# [DIRECTIONS]
Pictures aside, every line of the listing should be given again exactly.

# [COLLECTED DATA]
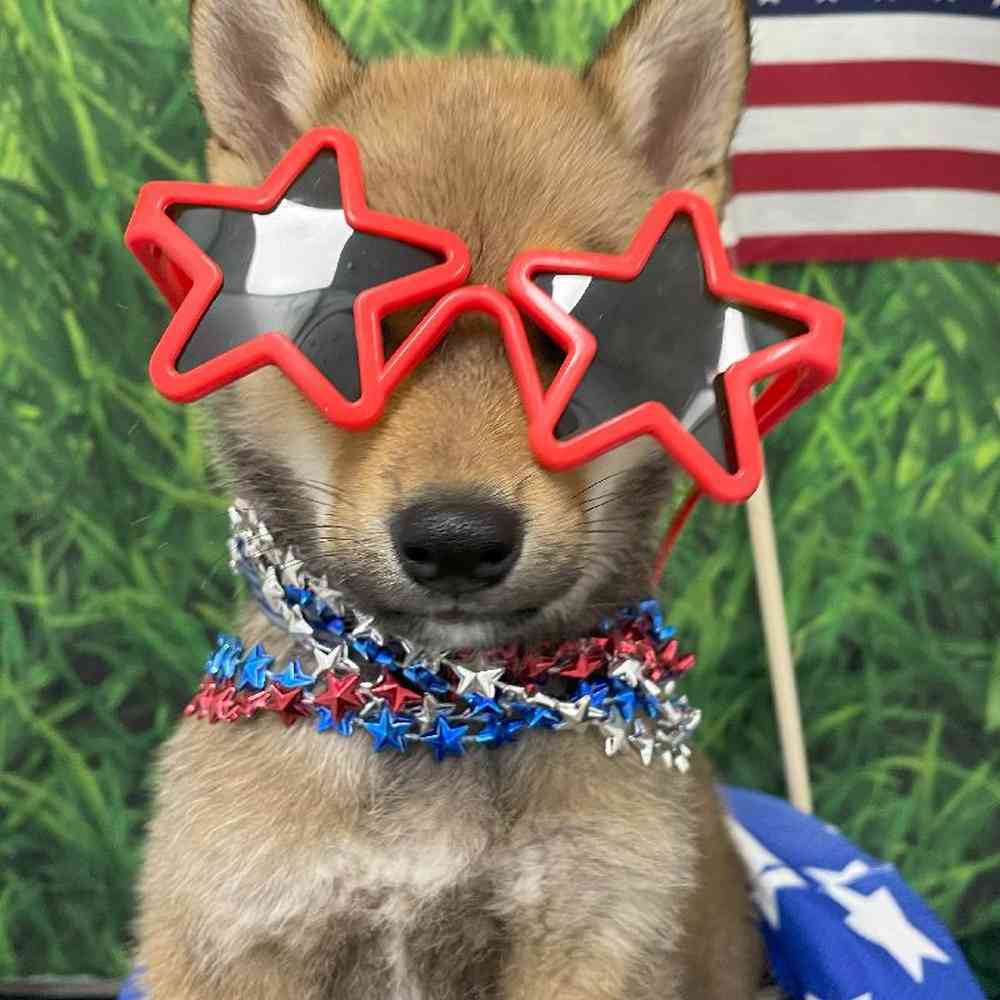 Male Shiba Inu Puppy for Sale in Little Rock, AR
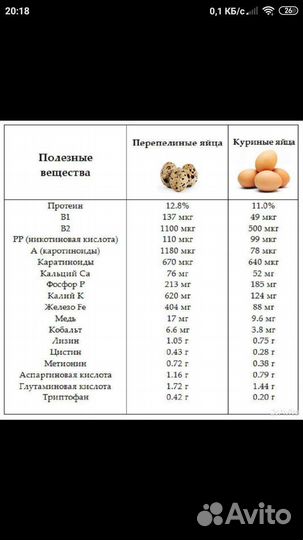 Перепелиное яйцо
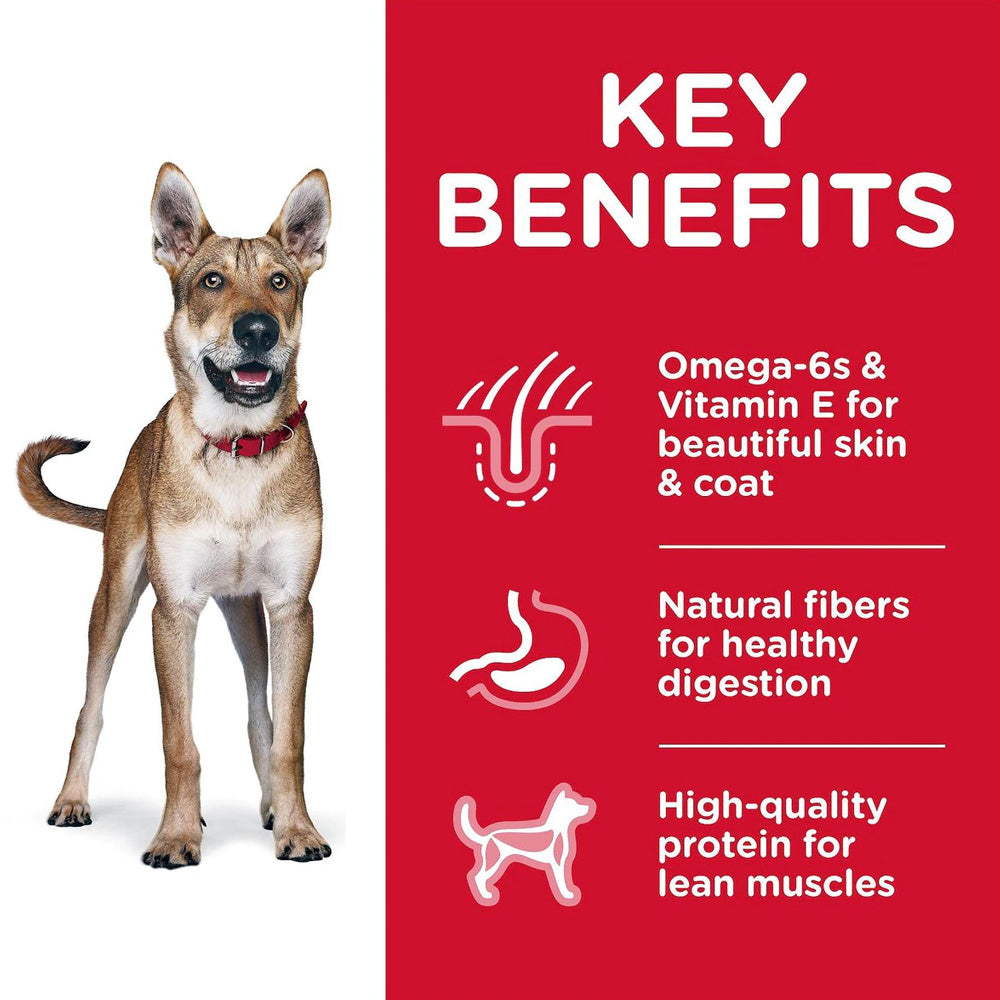 Hill's Science Diet Adult Chicken & Barley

# [OUTPUT FOR THIS EXERCISE]
 Male Shiba Inu Puppy for Sale in Little Rock, AR
 Перепелиное яйцо
 Hill's Science Diet Adult Chicken & Barley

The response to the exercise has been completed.